Racconta Macrobio: “Considerato che l’imperatore Cesare Augusto nel mese sestile assunse per la prima volta il consolato, entrò tre volte a Roma in trionfo… considerato inoltre che in questo mese l’Egitto fu ridotto in potere del popolo romano e nello stesso mese ebbero fine le guerre civili; considerato che per tutti questi motivi tale mese è ed è stato estremamente fortunato per questo Impero, il Senato decreta che esso sia chiamato Augustus”. Questo avveniva nel 746 a.U.c. E Augusto significa: santificato, accresciuto, maestoso. E il fiore del mese, in Occidente, è la tuberosa, simbolo di voluttà. Ricco di frutti, il mese: “Oh quella sbornia di rosolio che è l’agosto in una pianura zeppa di frutta!” (Manzini). E’ la “luna delle covate d’uccellini” per i Netchilli, e “delle prugne selvatiche” per i Mandan. E’ la “luna delle messi”. “Oh, agosto, che t’indugi sulla soglia dell’Autunno roteando nel pugno le tue fiaccole di sole!” (Licudis).
Ecco, sole. Il Sole è il signore del Segno del Leone di cui s’è parlato la settimana scorsa. Ora, come al solito, imbocchiamo i luminosi sentieri del mito…
Quando canta il gallo, nella lontana Colchide, un bellissimo giovane si sveglia e scuote la sua lunga chioma, bionda e raggiante. E’ Elios, il Sole, fratello di Selene, la Luna; figlio del Titano Iperone (“quello che sta sopra”) e della Titanessa Teia, detta anche Eurifessa, quella dagli occhi bovini. Il ragazzo si alza e monta svelto sul suo carro di fuoco. E focosi sono i quattro cavalli ad esso aggiogati. Nitriscono e scalpitano i nobili animali; e il carro, guidato con polso fermo dal giovane Sole, si avvia per il cielo preceduto da Eos, l’Aurora dalle dita di rosa, altra sorella di Elios. Corre per tutto il giorno il luminoso cocchio infiammato e, al tramonto, giunge all’isola dei Beati. Elios scende, carica cocchio e cavalli su una tazza d’oro e torna ad Oriente navigando sull’Oceano che circonda il mondo.

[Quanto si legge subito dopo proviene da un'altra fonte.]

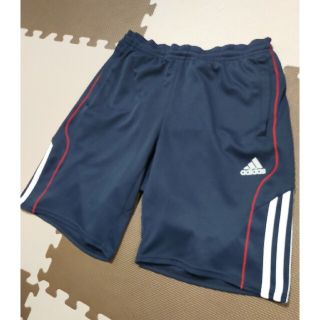 アディダス(adidas)の☆AHP-436 アディダス ハーフパンツ 紺・白 サイズ L(トレーニング用品)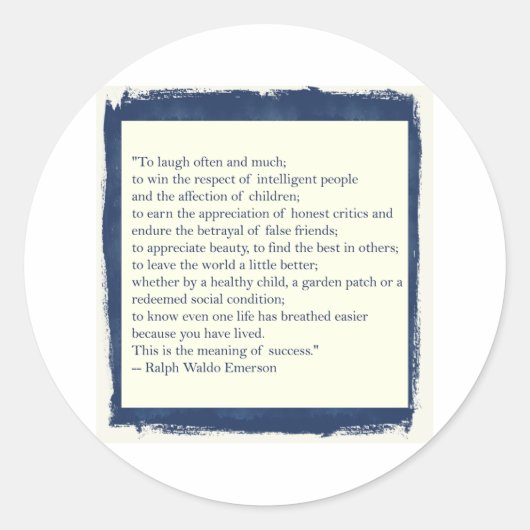 エマーソン引用文 ラウンドシール (正面)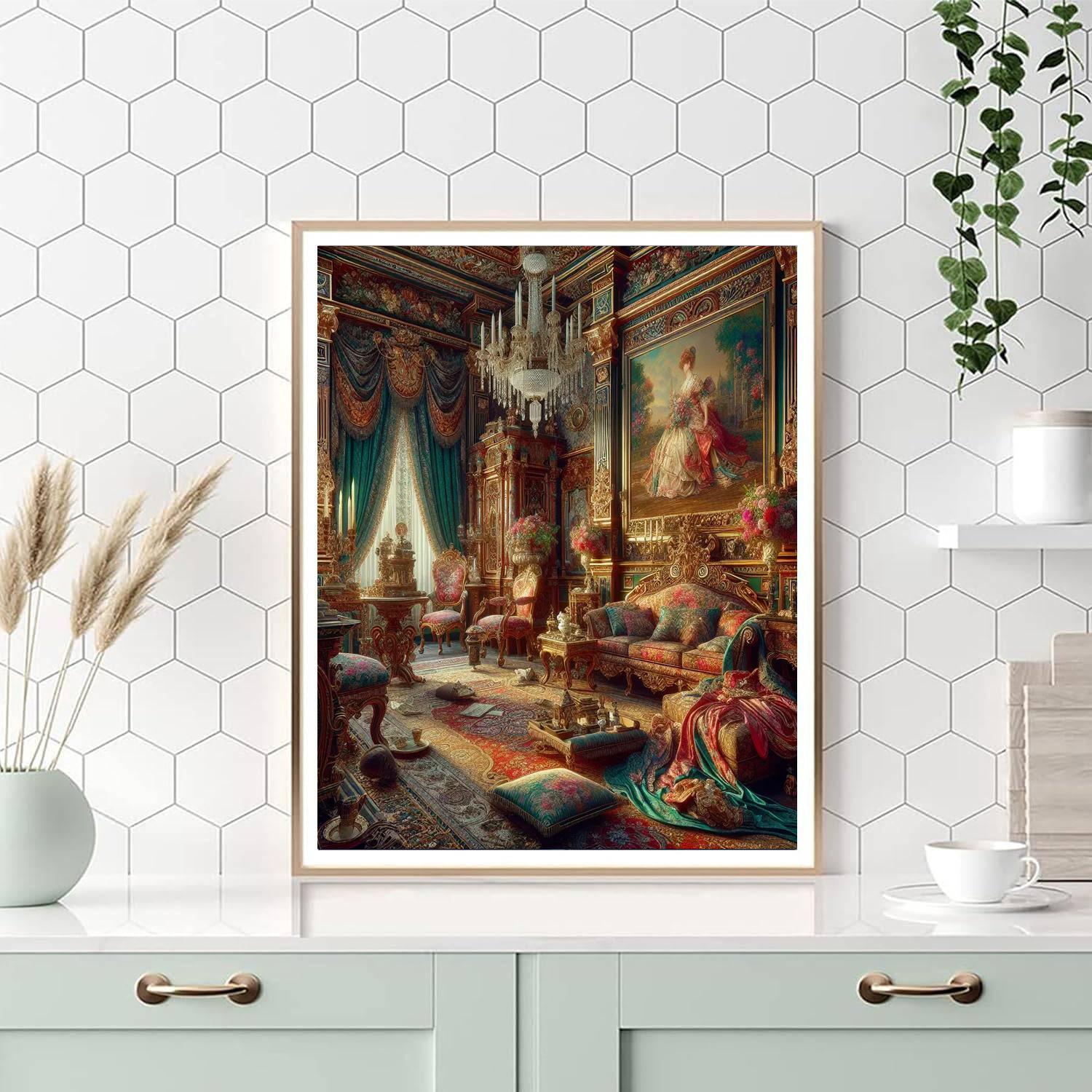 Elegant Victorian Charm Paint By Numbers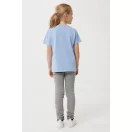 Tricou la baza gatului, Copii, maneca scurta, iqoniq, 2401E13183, Bumbac, Albastru sky, 13--14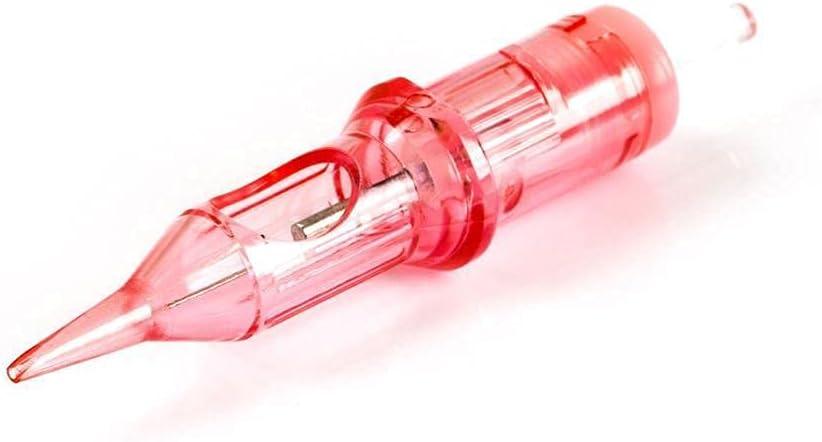 Kwadron Optima Professional Permanent Makeup Cartridge - 1 Round Liner, 0.30mm Long Taper - Box of 20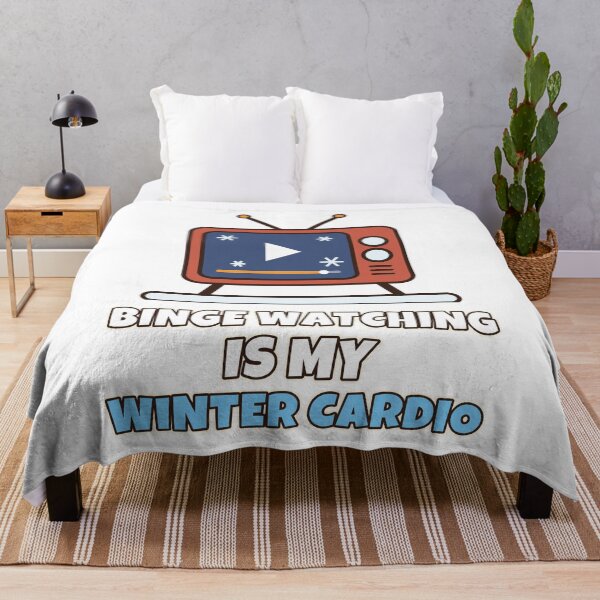 Item preview, Binge Watching Is My Winter Cardio Funny Winter TV Lover designed and sold by Bornprints.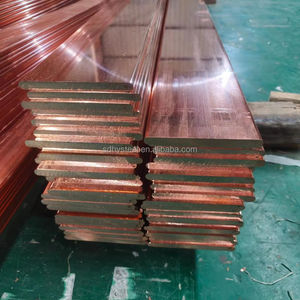 6 X25 5 X25 ASTM C11000 T2 Sammel schiene/Flachs tange aus reinem Kupfer für das Strom versorgungs system - Product Image 2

Proprietà di Elios è l’isola di Rodi, assegnatagli da Zeus. E in essa genera, con la ninfa Roda, moltissimi figli. Uno di essi, Attis (da non confondere col dio frigio dallo stesso nome), ramingo per fratricidio, si rifugerà in Egitto e, ispirato da suo padre, insegnerà agli Egizi i principi dell’astrologia. Un altro figlio di Elios è degno di ricordo; Fetonte, che il dio ebbe forse da Climene. Smaniava il ragazzo di poter guidare il carro del padre che, cedendo alle sue insistenze, un giorno lo accontenta. Ma gli prendono la mano i cavalli, mal condotti, e corrono dapprima altissimi nel cielo raffreddando la terra, per poi abbassarsi fino a bruciare i campi. Né manca chi dice che Fetonte perde il controllo delle bestie, spaventato alla vista dei Segni dello Zodiaco. Fatto è che Zeus, per evitare una conflagrazione universale, lo colpisce con il fulmine, facendolo precipitare nel fiume Eridano, l’attuale Po. E le sorelle del giovinetto, che, piangendo amaramente, ne raccolgono i resti, vengono trasformate in pioppi. Del Sole è anche figlia la maga Circe, che trasforma gli uomini in animali; anche Pasifae (la moglie di Minosse) la quale, accoppiatasi con un toro fatale, dà alla luce il famoso Minotauro. Ancora figlio di Elios è Eeta, re della Colchide e padre di Medea, che aiuta magicamente Giasone nella conquista del vello d’oro.
Occhio del mondo. Colui che tutto vede. Così è anche chiamato Elios. E Surya, figura solare della tradizione indù, è definito, nei Veda, “l’unico occhio che vede al di là del cielo, della terra, delle acque”. Ed anche Mitra, la divinità iranica, è detto “occhio del cielo”. Complesso il suo mito, che inizia con la sua miracolosa nascita da una roccia; prosegue con il miracolo dell’acqua fatta scaturire da una rupe con un colpo di freccia; comprende un’impresa particolarmente penosa e faticosa, designata come “traversata” (e della quale non si sa altro) e culmina nell’impresa del Toro. Mitra, cioè, sacrifica un toro, il toro cosmico primigenio, creato da Ahura Mazda; il toro che, morendo, genera dal suo corpo tutta la vegetazione. Ma un toro (a Creta) viene ucciso anche da Eracle (o Ercole che dir si voglia); quell’Eracle che compie dodici fatiche, così come il Sole, nel suo percorso annuale, attraversa i dodici segni dello Zodiaco.